This book has been one of the most interesting ones that I read during my PhD research, and I recommend it to anyone working with computers, especially in web. It’s called “The Media Equation: How People Treat Computers, Television, and New Media Like Real People and Places (CSLI Lecture Notes)” by Byron Reeves and Clifford Nass (Stanford University).
They look at how people interact with computers and how computers interact with computers and other media. Their equation is media = real life. There are a number of interesting experiments that are described and provided me with a good basis for other experiments. More importantly it helped me think in a different way and open the doors of HCI to me. It is easy to read and doesn’t have any big scary equations in. In fact it’s easy going travelling reading if you have to sit on a train or a plane for a long time. I would say that it isn’t always rigorously scientific in so far as the experiments go, but who cares it’s still interesting. It was written in 1996, so some things have changed or moved on but it’s nice to be able to fill those gaps whilst reading. Like I said it opens you up to new things. This book is still on University reading lists and there’s a good reason for that. It’s brilliant.
“Authors Reeves and Nass present the results of numerous psychological studies that led them to the conclusion that people treat computers, television and new media as real people and places. Their studies show that people are polite to computers; that they treat computers with female voices differently than male-voiced computers; that large faces on a screen can invade a person’s body space; and that motion on a screen affects physical responses in the same way that real-life motion does. One of their startling conclusions is that the human brain has not evolved quickly enough to assimilate twentieth-century technology. The authors detail how this knowledge can help us better design and evaluate media technologies, including computer and Internet software, television entertainment, news, and advertising, and multimedia.” (CSLI publications)

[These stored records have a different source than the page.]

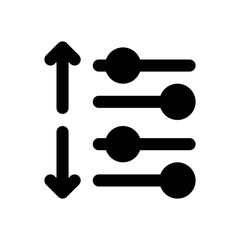 sort sorting glyph icon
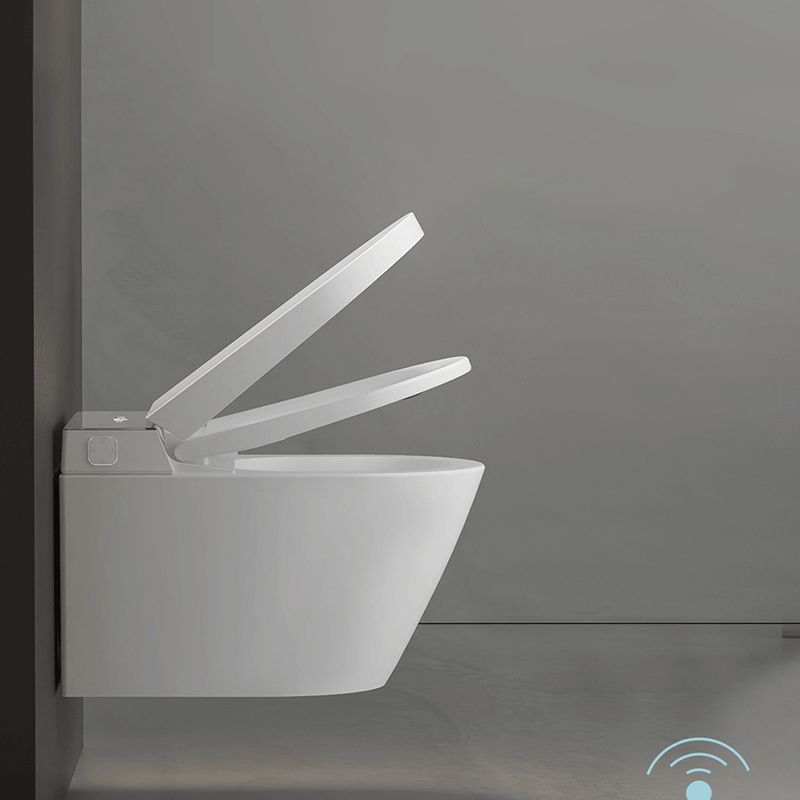 Modern Wall Hung Toilet Bowl Polished Finish Toilet with Heated Seat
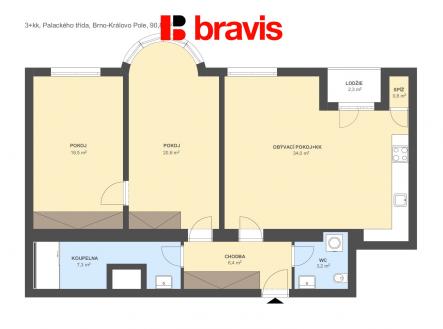 3+kk Palackého třída 90,8m2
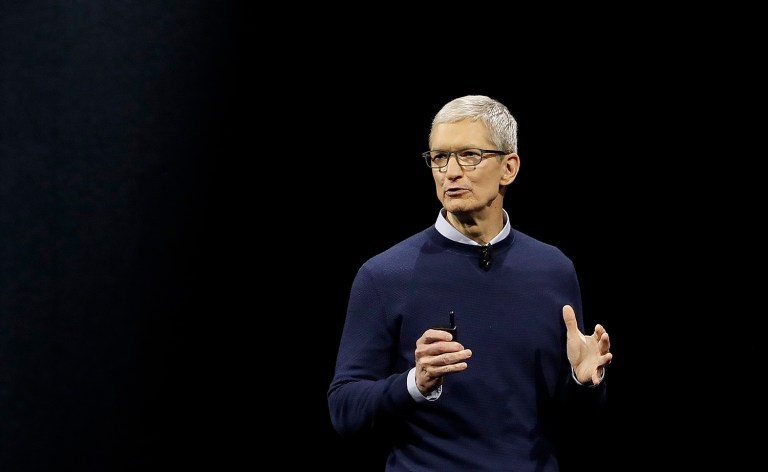 Cook, in the email to all employees, condemns President Trump. (AP Photo/Marcio Jose Sanchez)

Paul Dourish from Apple research labs reviewed the book and is not a fan, so you can read his side of the story to balance it all out I guess. I don’t disagree with him, but I think the book still has great value. It allowed me to expand on some of the ideas presented perhaps in more a “Stanford than Waldenbooks” way as he suggests.
The main thing to take away from the book is that perception is a lot more important than reality when trying to evaluate the effectiveness of media.